REQUIRED ACTION: Set down the full listing exactly as given. Any pictures are to be left out.
** DATA SECTION follows **
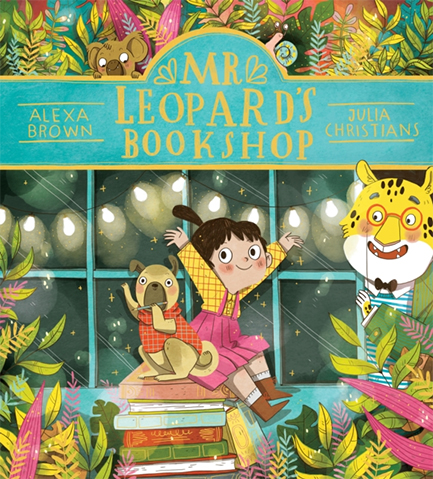 MR.LEOPARD'S BOOKSHOP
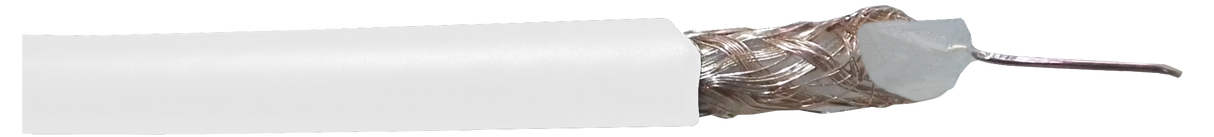 RG59/WHITE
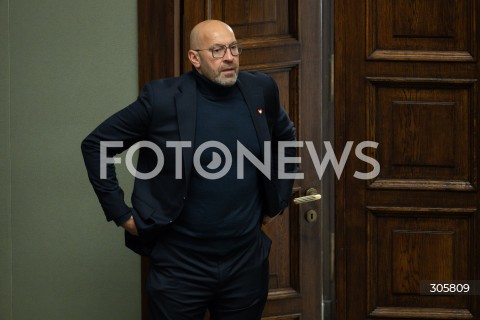  26.03.2026 WARSZAWA<br />POSIEDZENIE SEJMU<br />N/Z JAKUB RUTNICKI<br />FOT. MARCIN BANASZKIEWICZ/FOTONEWS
** End of DATA SECTION **
ANSWER BOX:
 MR.LEOPARD'S BOOKSHOP
 RG59/WHITE
  26.03.2026 WARSZAWA<br />POSIEDZENIE SEJMU<br />N/Z JAKUB RUTNICKI<br />FOT. MARCIN BANASZKIEWICZ/FOTONEWS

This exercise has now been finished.